#### Exercise:
Once you reach the line containing "Anouk Women Blue Solid Straight Kurta", write out that line and every remaining line of the records exactly.

#### Study material:
•••

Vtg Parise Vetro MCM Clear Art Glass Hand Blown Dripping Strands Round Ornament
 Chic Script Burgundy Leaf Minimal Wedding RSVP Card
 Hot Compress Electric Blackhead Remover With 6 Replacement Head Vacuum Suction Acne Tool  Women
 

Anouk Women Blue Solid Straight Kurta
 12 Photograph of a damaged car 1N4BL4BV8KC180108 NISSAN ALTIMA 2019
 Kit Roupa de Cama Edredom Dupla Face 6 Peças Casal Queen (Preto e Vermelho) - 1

•••

#### Your response:
Anouk Women Blue Solid Straight Kurta
 12 Photograph of a damaged car 1N4BL4BV8KC180108 NISSAN ALTIMA 2019
 Kit Roupa de Cama Edredom Dupla Face 6 Peças Casal Queen (Preto e Vermelho) - 1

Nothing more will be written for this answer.